Interpretation of results:

Category 1A (indication of significant skin sensitising potential) based on GHS criteria

Conclusions:

Althought there are only a limited numer of animals used per group the sensitizing properties of this substance were clearly positive.

Executive summary:

A GPMT test in 6-week-old female Hartley guinea pigs was performed with Natphenic acids and salts (copper, zin and cobalt naphthenate). The first induction dose was set at 1%, while the second induction dose was 25%. Two weeks after the second induction, 0.1 ml aliquots of the 7 chemicals in vehicles (0.5% in petroleum ether for CuN, CoN. ZnN and NA) were applied to a shaved area of the fiank for challenge. Each site was scored 48 hours after challenge. Napthenic acid resulted in 4/5 animals with clear reactions at 48 hours, therefore it is considered to be sensitizing for skin.

Endpoint conclusion

Endpoint conclusion:

adverse effect observed (sensitising)

Additional information:

Both data from published experimental studies and QSAR prediction for sensitisation were used in a Weight of Evidence approach:

- A Guinea pig maximisation test (GPMT) test in 6-week-old female Hartley guinea pigs was performed with Naphthenic acids and salts (copper, zinc and cobalt naphthenate) (Yamano et al, 2006). The first induction dose was set at 1%, while the second induction dose was 25%. Two weeks after the second induction, 0.1 ml aliquots of the 7 chemicals in vehicles (0.5% in petroleum ether for CuN, CoN. ZnN and NA) were applied to a shaved area of the flank for challenge. Each site was scored 48 hours after challenge. Naphthenic acid resulted in 4/5 animals with clear reactions at 48 hours, therefore it is considered to be sensitizing for skin.
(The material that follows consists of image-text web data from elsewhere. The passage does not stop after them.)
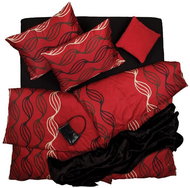 SCANquilt bed linen SATEN spirals red-black - Bed Linen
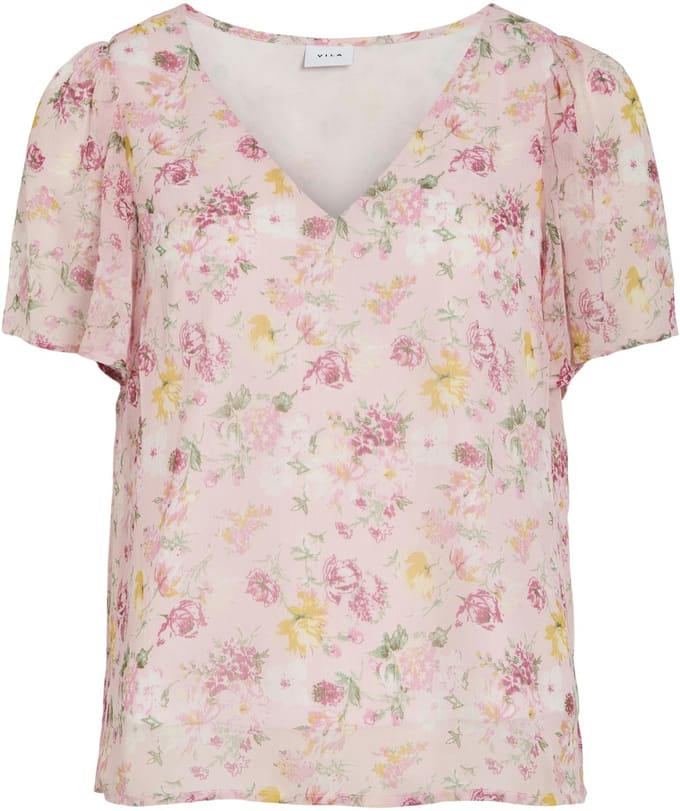 VILA - VIFALIA V-NECK S/S TOP - NOOS - Dames - Blouses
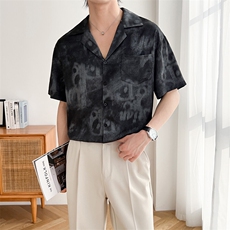 B353CS369P55M-3XL聚酯纤维100夏季新款2025冰丝衬衫直播款咖，男装衬衫，电商B353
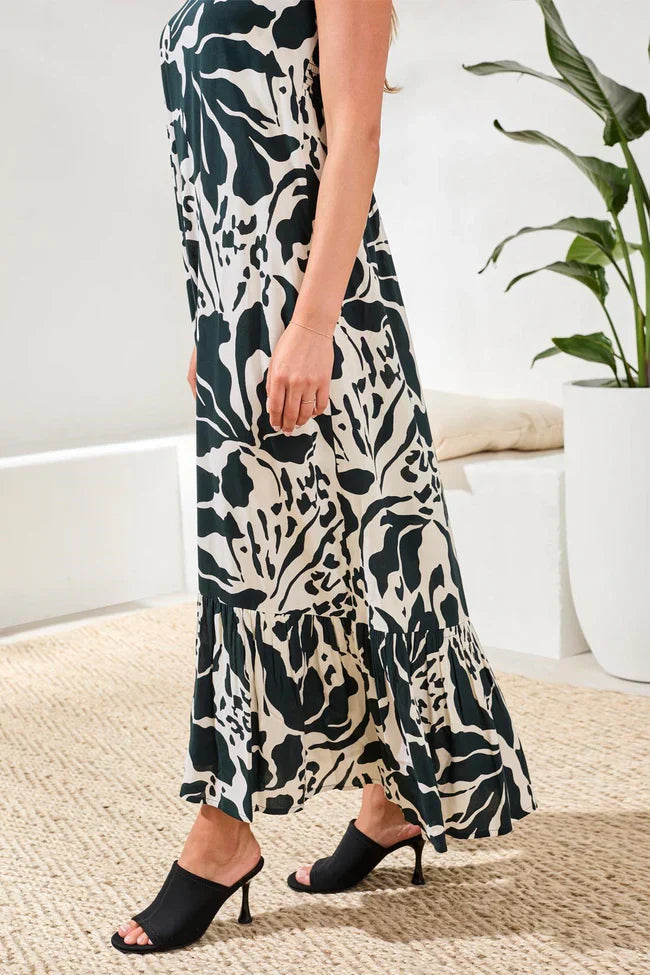 Tribal Smocked Frill Maxi Dress - Style 9540-4716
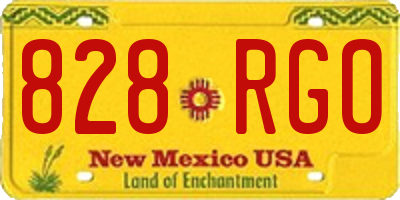 NM license plate 828RGO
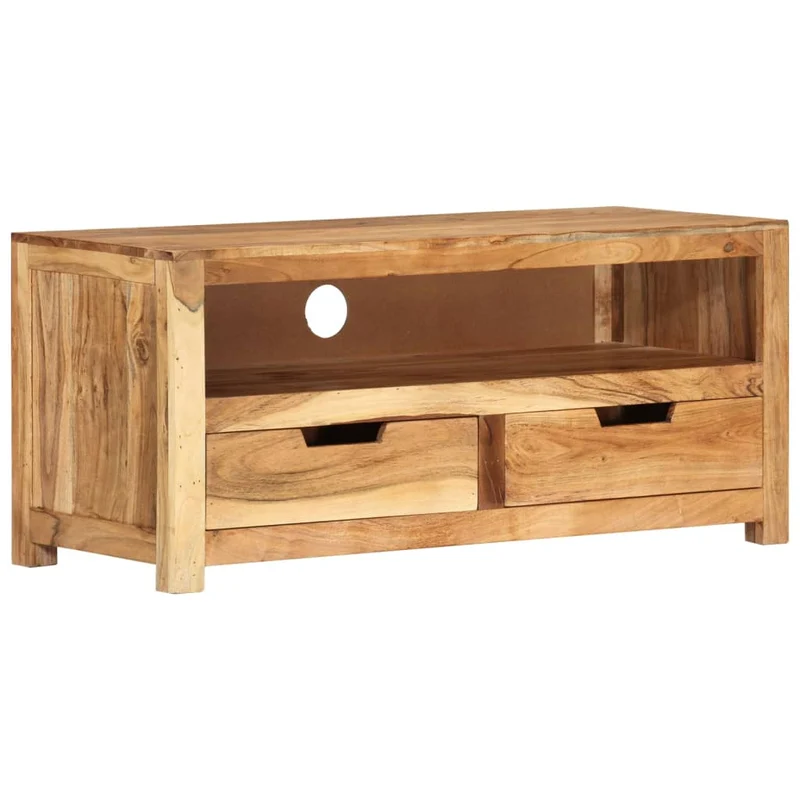 Meuble TV multimédia étagère télévision buffet téléviseur salle à manger salon chambre 88 x 35 x 40 cm bois d'acacia massif brun 02_0026324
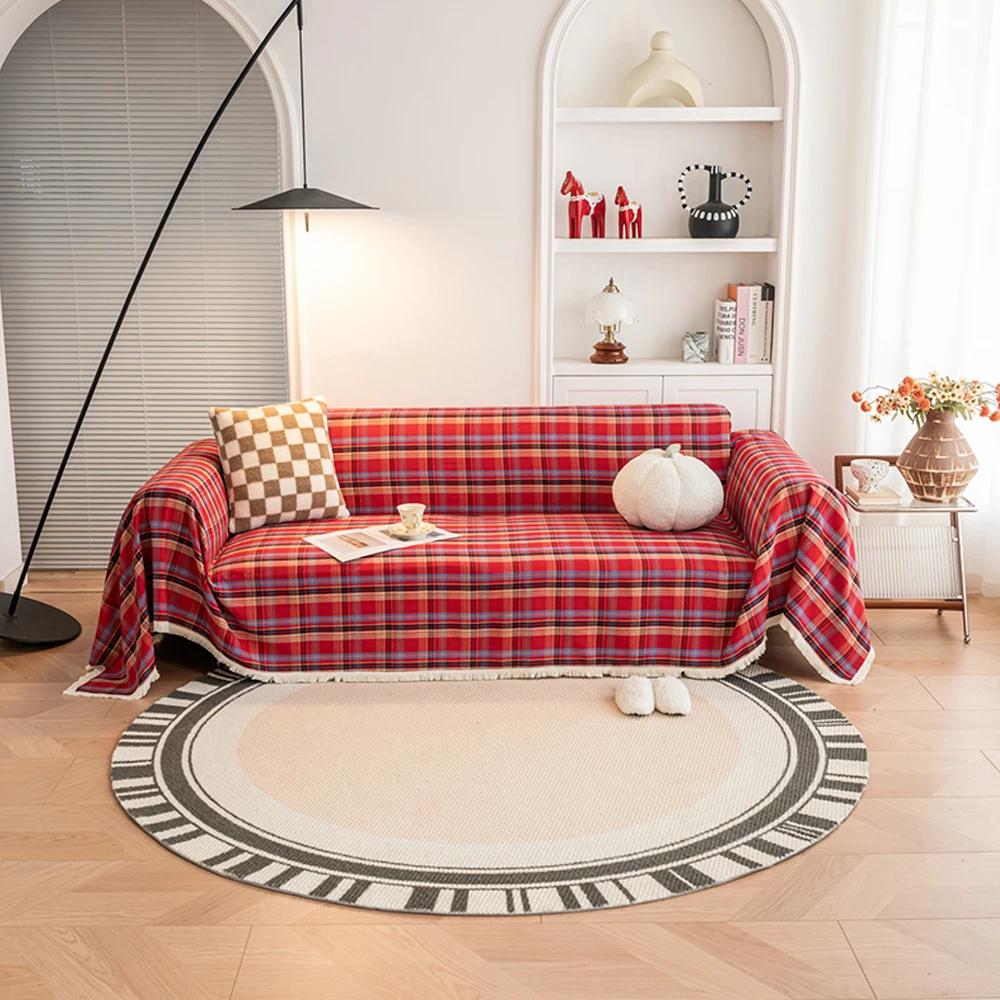 

Рождественский декор, чехол для дивана, полотенце, винтажный, красный, зеленый, клетчатый, многофункциональный, с кисточками, чехол для полотенца, подушка для сидения на диване 3-х местный 140x180cm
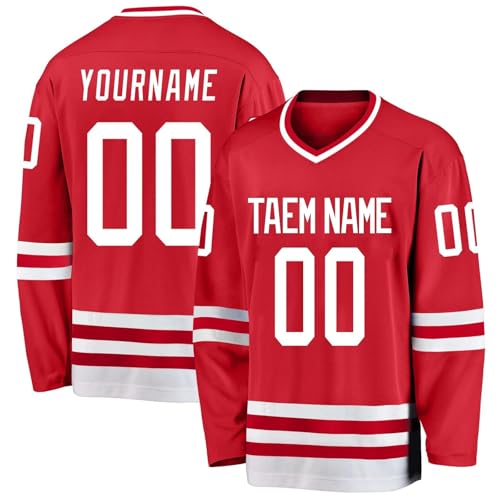 Hockey-Trikot, personalisierbar, mit Ihrem Namen, Team/Nummer, Hockey-Trikot mit Namen, geeignet für Geschenke für Kinder und Erwachsene, Stil 5 KAN0827A, rot, One size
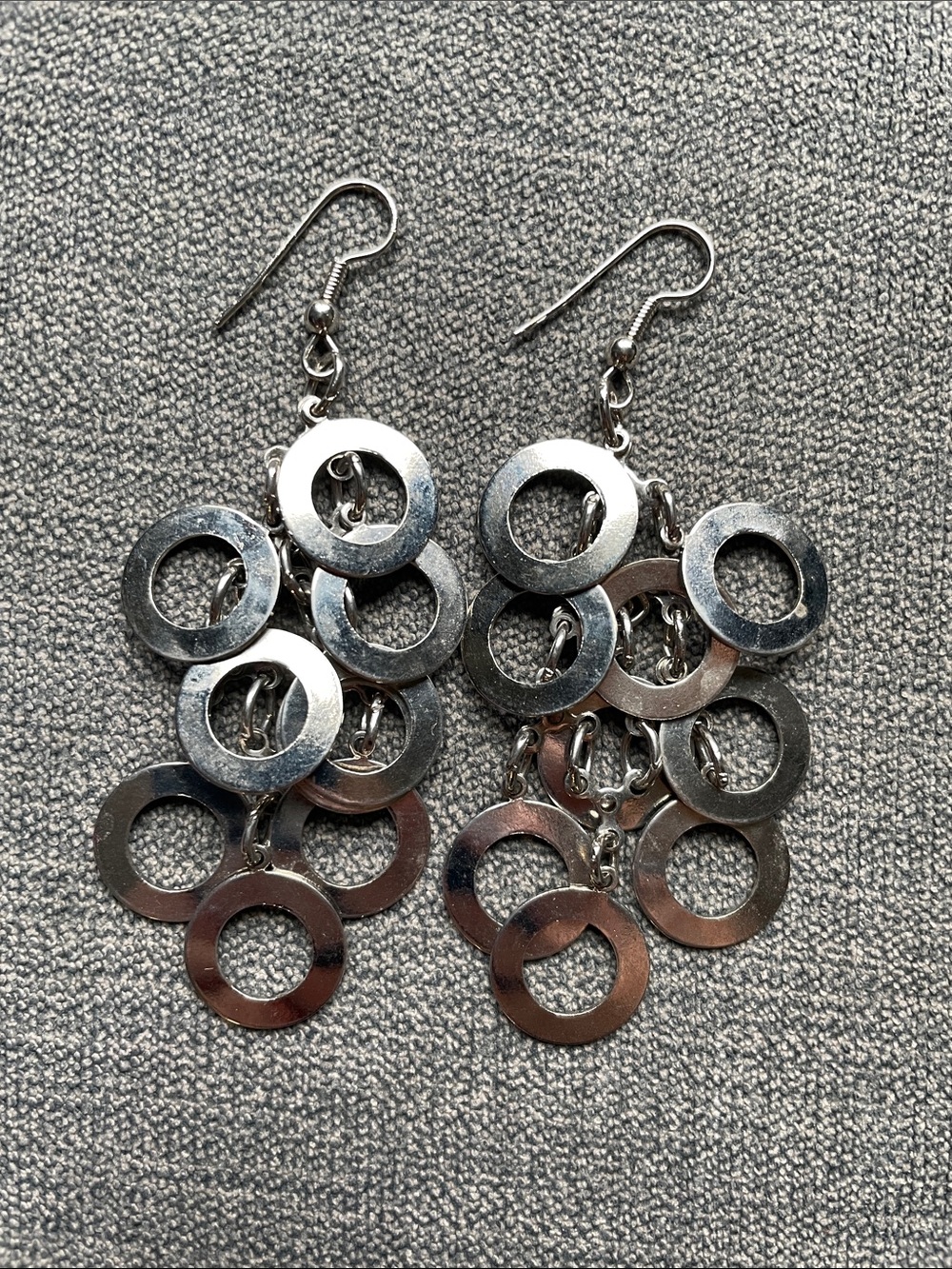 Lightweight silver toned earrings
- In an LLNA test, 6- to 8-week-old female mice were exposed to Naphthenic acids and salts (copper, zinc and cobalt naphthenate ) in a petroleum ether and olive oil (4 : 1) through application to the dorsum of both ears for 3 consecutive days (Yamano et al, 2006). On the 5° & 6° day, 4, 5- bromo-7-deoxyuridine (BrdU) was administered intraperitoneally to each mousse to measure the LLNA stimulation index. At the time of lymph node excision, the thickness of the ears was measured at the edge of the right pinna. There was an increase of the stimulation index, which was accompanied with an increase in the irritation index, therefore the results are not conclusive about the sensitizing properties of naphthenic acid under the conditions of the LLNA test, however a positive reaction is not excluded.

- Finally, skin sensitisation was predicted using the VEGA QSAR sensitisation model which is an extension of the original CAESAR model. Since naphthenic acids do not have a fixed composition, the prediction was performed on a broad selection of different possible structures in accordance with the substance identification. As can be seen from the results, almost all of the molecules in Naphthenic acids were indicated to be sensitisers. Only two molecules were indicated to be a non-sensitiser with a low applicability domain index (ADI). Most molecules fell in the applicability domain (with ADI >=0.8) and thus the prediction can be assumed to be reliable.
Although there were 3 endpoints with Weight of Evidence value, the Guinea pig maximization test was considered most relevant for classification.

Respiratory sensitisation

Endpoint conclusion

Endpoint conclusion:

no study available

Justification for classification or non-classification

One reliable study indicated skin sensitising properties for naphthenic acid, which was further supported by QSAR prediction of almost all components. Therefore the substance is classified as Skin. sens 1 under Regulation 1272/2008 (CLP).